After a fire, the danger of debris flows continues for 3-5 years, and the hazard of flash floods for 5-8 years because of the time it takes for soil cover and fine roots to recuperate and for the foliage to re-grow.

To analyze the frequency of extreme rainfall events after extreme wildfires in a warming environment, Touma and her co-authors relied on a group of simulations by a number of climate and weather models, such as the NCAR-based Community Earth System Model, a robust computer model that allowed them to estimate probable variations in climate in the western United States.

The outcomes showed that, by the turn of the century, there will be two-fold or more weather conditions that lead to the danger of extreme wildfires across most of the West, with some areas undergoing significantly elevated extreme wildfire hazards within the following few decades. Furthermore, the climate models demonstrated a marked increase in extreme rainfall events.

The scientists then examined the number of cases wherein extreme rainfall is probable to fall on the same region that recently underwent an extreme wildfire. They learned that over half of extreme wildfire events will be trailed within a year by an extreme rainfall event throughout most of the West, and almost all extreme wildfires in the Pacific Northwest will be trailed by extreme rainfall within 5 years.

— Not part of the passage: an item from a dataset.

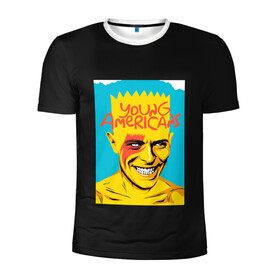 Мужская футболка 3D спортивная с принтом Bart x Bowie в Белгороде, 100% полиэстер с улучшенными характеристиками | приталенный силуэт, круглая горловина, широкие плечи, сужается к линии бедра | bart | simpsons | the simpson | барт | дэвид бови | дэвид боуи | мульт | мультфильм | симпсоны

Once every 3 years, flooding rains in western Colorado or much of the Pacific Northwest may be anticipated to inundate areas merely three months after extreme wildfires — a situation that was fundamentally unheard of in the last few decades.

Part of the cause for the convergence of extreme fire and rainfall is due to how climate change is modifying the seasonality of these events. For example, the researchers discovered more extreme rain happening in the early fall in Colorado and the Pacific Northwest, near the peak fire season (May-September).

The gap between fire and rainfall season is becoming shorter. One season of disasters is running into another.

Danielle Touma, Study Lead Author, Bren School of Environmental Science and Management, University of California, Santa Barbara

Journal Reference:

Touma, D., et al. (2022) Climate change increases risk of extreme rainfall following wildfire in the western United States. Science Advances.